Der BGH hat mit Urteil vom 8. Januar 2019 (II ZR 364/18, BeckRS 2019, 4455) entschieden, dass für die Übertragung des ganzen Vermögens einer GmbH ein Zustimmungsbeschluss der Gesellschafterversammlung erforderlich ist, selbst wenn die Satzung keinen entsprechenden Zustimmungsvorbehalt enthält.

Zwei Gesellschafter einer GmbH hatten die Auflösung der GmbH beschlossen. Beide Gesellschafter waren auch alleinvertretungsberechtigte Liquidatoren. Im Zuge der Liquidation veräußerte ein Gesellschafter das Betriebsgrundstück der GmbH an einen Dritten, ohne vorher die Zustimmung des anderen Gesellschafters einzuholen.

Nach Ansicht des Senats ist § 179a AktG auf die GmbH nicht analog anwendbar. Der Senat begründet dies mit der unterschiedlichen Ausgestaltung der Rechte von GmbH-Gesellschaftern und Aktionären. GmbH-Gesellschafter seien wegen ihrer bedeutenden Einflussmöglichkeiten auf die Geschäftsführung weniger schutzbedürftig als Aktionäre. Bei der Interessenabwägung zwischen dem Gesellschafterschutz und dem Schutz des redlichen Rechtsverkehrs sei eine Beschränkung der Vertretungsmacht der Geschäftsführung mit Außenwirkung bei der GmbH nicht gerechtfertigt.

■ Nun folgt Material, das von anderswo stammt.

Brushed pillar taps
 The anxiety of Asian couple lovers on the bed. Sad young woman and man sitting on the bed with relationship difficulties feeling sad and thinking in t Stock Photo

Der Senat führt weiter aus, dass die Übertragung des ganzen Vermögens einer GmbH jedoch einen zustimmenden Gesellschafterbeschluss erfordert, selbst wenn die Satzung keinen ausdrücklichen Zustimmungsvorbehalt enthält. Zur Frage, mit welcher Mehrheit der Beschluss gefasst werden muss, nimmt der Senat nicht Stellung.

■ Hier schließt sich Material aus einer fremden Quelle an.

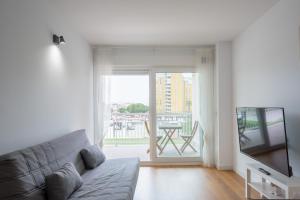 uma sala de estar com um sofá, uma televisão e uma varanda em Apartamentos en Canet al mar, junto playa y con piscina em Canet de Berenguer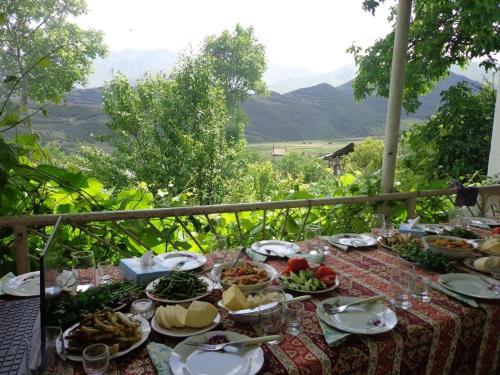 una mesa con platos de comida con vistas en LANJ IN Eco Garden/ Guest House, en Nurrnus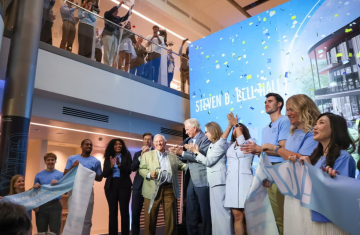 People at a ribbon cutting ceremony with a sign that reads "Steven D. Bell. Hall" in the background.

Allerdings sei – so der Senat – das Vertrauen eines Geschäftspartners auf den Bestand des Geschäfts nicht schutzwürdig, wenn ein Missbrauch der Vertretungsmacht sich „geradezu aufdrängen“ müsse. Die Willenserklärung des Geschäftsführers sei in diesen Fällen unwirksam.

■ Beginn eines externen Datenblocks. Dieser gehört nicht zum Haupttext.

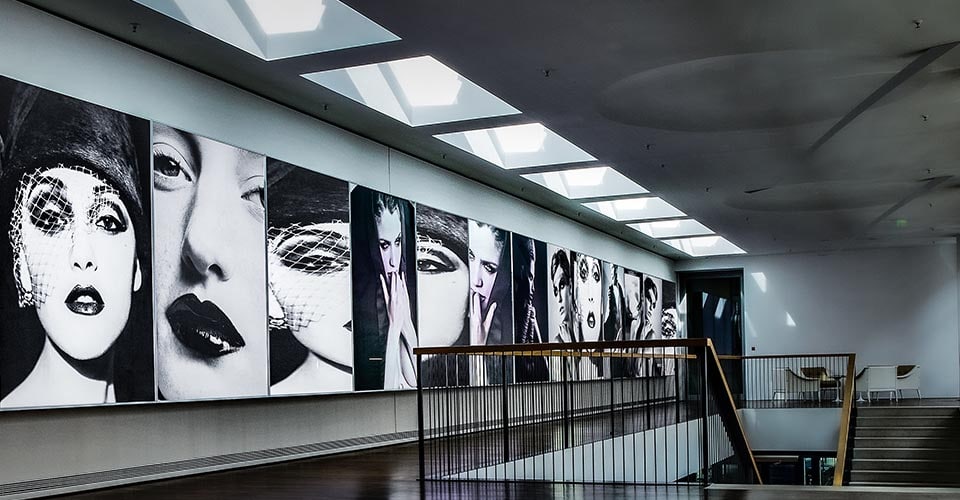 Treppenaufgang mit einer gesamten Wand aus Lichtkästen mit Fotos in schwarzweiß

Dies könne man häufig annehmen, wenn das gesamte Vermögen übertragen werde, da dem Vertragspartner klar sein müsse, dass der Geschäftsführer ein solches Geschäft nicht ohne Zustimmung der Gesellschafter vornehmen könne. Im Einzelfall könne den Vertragspartner insofern eine Erkundigungsobliegenheit treffen.

Damit entscheidet der Senat hier anders als kürzlich das OLG Düsseldorf (Az. I-6 U 225/16), das die analoge Anwendung des § 179a AktG auf eine Publikums-KG bejaht und sich auf die frühere Rechtsprechung des BGH (Az. II ZR 24/94) zur analogen Anwendung bei Personengesellschaften berufen hat.